Results and discussion

2D beam tracking and unidirectional dithering

A schematic diagram of the 2D beam tracking setup used to acquire the planar images and CT scans is shown in Fig. 1; a description of the setup can be found in the “Methods” section. A mask consisting of a 2D array of circular apertures was used. The apertures have a diameter of d = 19 μm and different periods p_h and p_v along the horizontal and vertical direction, respectively; the periods which define the spacing of consecutive beamlets in the respective directions were p_v = 39 μm and p_h = 156 μm. Full details on the mask design are given in the following paragraph.

Figure 1

Schematic (not to scale) of the experimental setup. The direction of dithering (sample scanning) is indicated with a red dashed arrow.

Mask design

So long as a sufficient separation between beamlets is achieved, the aperture diameter d is the ultimate driver of the system resolution, regardless of the overall system blur B_h,v caused by source and detector. The Gaussian system blur, B_h,v, can be obtained by convolving the source distribution SW_h,v projected onto the detector with the detector’s Point Spread Function PSF_h,v, then backprojecting the resulting function onto to the mask plane,

$${B}_{h,v}=\sqrt{{\left(\frac{{SW}_{h,v} \left(m-1\right)}{m}\right)}^{2}+{\left(\frac{{PSF}_{h,v}}{m}\right)}^{2},}$$

(1)

where m was the magnification factor²⁶. An effective separation of the beamlets at the detector is achieved when the cross-sectional sizes of the beamlets, magnified to the detector plane and broadened by the effect of extended source and detector PSF, are smaller than the corresponding magnified periods p_h and p_v, i.e.:

$$m{p}_{h,v}>\sqrt{{\left(d m\right)}^{2}+{\left({SW}_{h,v}\left(m-1\right)\right)}^{2}+{\left({PSF}_{h,v}\right)}^{2}.}$$

(2)

As evident from Eqs. (1) and (2), the mask design is largely determined by the specific experimental setup used. In our case, the focal spot of the x-ray source along the horizontal and vertical axes, SW_h,v, was estimated to be approximately 10 μm Full Width at Half Maximum (FWHM). The detector PSF was previously measured to be a Gaussian with 120 μm FWHM along both directions²⁷. The magnification factor of the mask, m, was 5.11. The system blur (Eq. (1)) is therefore equal to 29 μm in both directions. An aperture diameter of d = 19 μm was selected. According to Eq. (2), the FWHM of the beamlets along both directions, demagnified to the mask plane, is 31 μm. Imposing that beamlets overlap with each other at < 10% of their peak value along the vertical direction to allow for their adequate separation, results in a distance between two adjacent apertures along the vertical direction of at least 56 μm. Since as said above the beamlets spread equally in the horizontal and vertical directions, the same separation criterion applies to horizontal spacing between apertures. In our design, we have applied this “minimum 56 μm separation” criterion to a staggered design (offset of half the horizontal period for every other aperture row) where the vertical separation between apertures is smaller than the horizontal one and added a safety margin to (a) de-risk this first proof-of-concept study and (b) be able to use the mask also with other source/detector combinations. We adopted a “safety margin” of approximately 40%, and separated neighbouring beamlets by 78 μm. Achieving isotropic resolution with one-directional dithering also requires the horizontal period to be an integer multiple of the vertical one: all these conditions combined led to the choice of 39 μm for p_v and 4 × p_v = 156 μm for p_h. The suitability of such a mask design to fulfil the requirements of the proposed methodology was investigated initially with simulations; a description of the simulation and its results are provided in the Supplementary Materials.

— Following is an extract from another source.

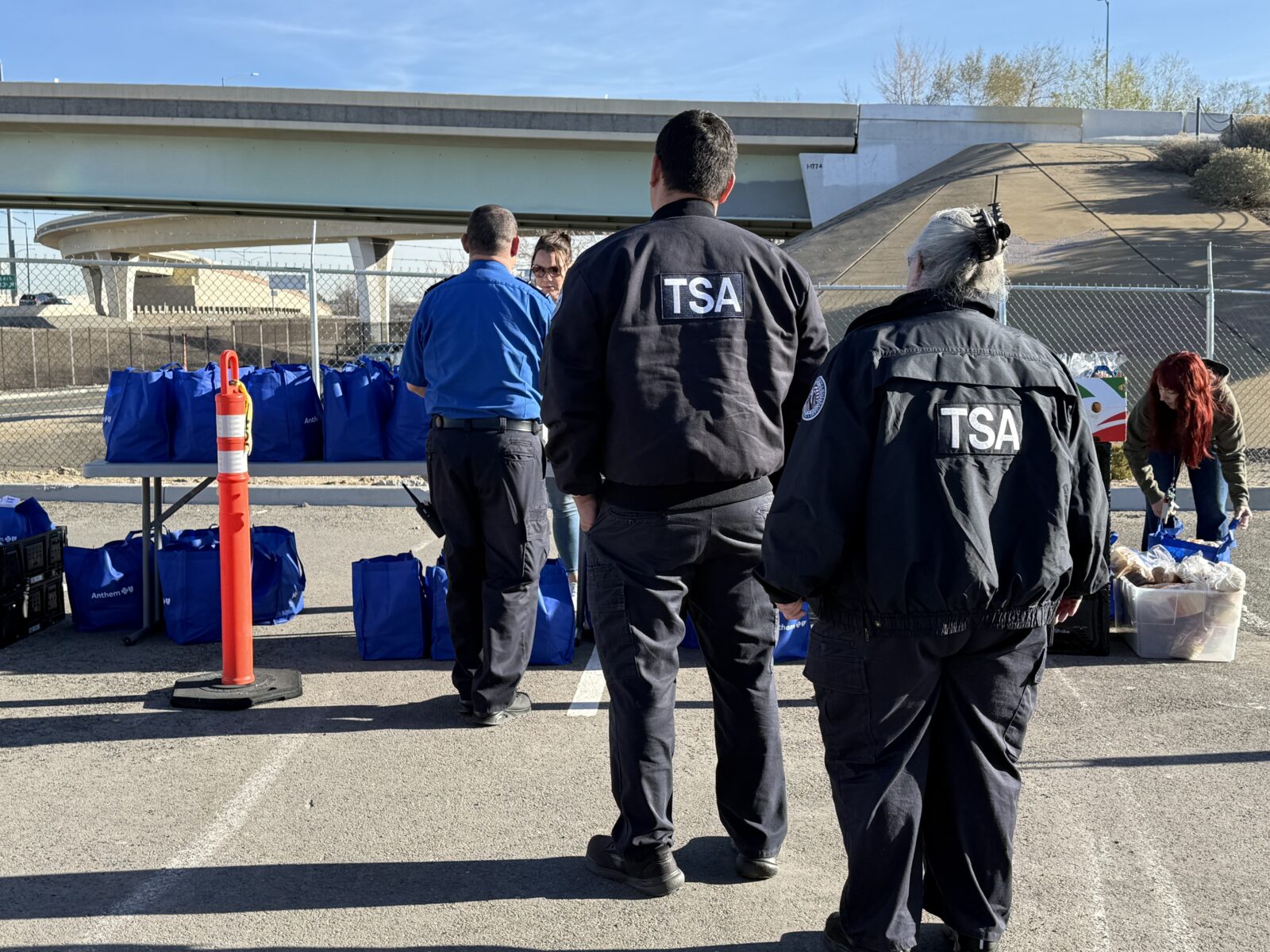 TSA officers standing in line at Children's Cabinet grocery drop off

It should also be noted that, for the reasons outlined above, the mask design of this proof-of-concept study does not correspond to complete sample coverage along the vertical direction, as indeed there are gaps between consecutive aperture rows since p_v > d. A finer sampling along the vertical direction is possible at the cost of larger aperture spacing in the horizontal direction, and this is also discussed in more detail in the Supplementary Materials.

Planar images

Planar images were acquired following the procedure described in the “Methods” section. The retrieved planar images of the spheres and the crossed wires samples are shown in Figs. 2 and 3, respectively. Both these images show attenuation, refraction along the x and y axis, and integrated phase. A gradient was observed across the retrieved phase images (the background was not constant throughout the images in Figs. 2b and 3b) which was attributed to small errors in the retrieved refraction signals; this is discussed at the end of the section.

Figure 2

Attenuation (a), integrated phase (b), refraction along the x axis (c), and refraction along the y axis (d), of the spheres sample.

Figure 3

Attenuation (a), integrated phase (b), refraction along the x axis (c), and refraction along the y axis (d), of the crossed wires sample.

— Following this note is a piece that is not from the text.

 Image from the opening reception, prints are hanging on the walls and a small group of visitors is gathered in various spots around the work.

In order to investigate the isotropy of the signals along the horizontal (x) and vertical (y) direction, the profiles across the centre of a PMMA sphere of the attenuation and phase signals along both directions were plotted and are shown in Fig. 4. It is confirmed that an isotropic spatial resolution across the horizontal and vertical direction is achieved, while dithering along only the horizontal direction was performed.

Figure 4

Profiles of attenuation (a) and integrated phase (b), across the centre of a PMMA sphere (shown in Fig. 2) along the x (black solid line) and y (red dashed line) direction.

The absorption term β and the refractive index decrement δ, defined in Eq. (7), of the four materials retrieved as described in the “Methods” section are reported in Fig. 5. The effective energy of the phase measurement, estimated to be approximately 19 keV for the PMMA sphere, PP sphere, and PTFE wire, and 18.5 keV for the PS wire, as described by Munro and Olivo²⁸, was used as the mean spectral energy. This same value was used to calculate the retrieved β values, leading to recovered values that agree with the nominal ones within uncertainties. In Ref.²⁸, Munro and Olivo discuss how the effective energy for absorption may differ from that for phase, and how they both vary with sample thickness. Indeed, the effective energy for the PMMA sphere, PP sphere, and PTFE wire was slightly higher compared to that estimated for the PS wire; this was aligned with the increased absorption of, and therefore beam hardening caused by, the former. It should be noted here that, although a difference of the effective energy between phase and absorption was not observed here, it was believed to be smaller than the uncertainty associated to the retrieved β and δ values (propagation of the standard deviation of the attenuation and phase values extracted from the images).

Figure 5

Absorption term, β, (a) and refraction index decrement, δ, (b) extracted from the experiment along with the nominal values.

CT scans

The reconstructed axial, sagittal, and coronal slices of the granules phantom for both the attenuation and phase channel is shown in Fig. 6; the data acquisition and analysis are described in the “Methods” section.

Figure 6

Reconstructed axial (a,e), sagittal (b,f), and coronal (c,g) planes of the granules phantom for attenuation (a–c) and phase (e–g), and the corresponding line spread functions (i) extracted from the sphere edges indicated with dashed lines of corresponding colours along the x, y and z axes in panels (e,f). Profiles across the red dotted lines in the axial planes of panels (a,e) are shown for attenuation (d) and phase (h).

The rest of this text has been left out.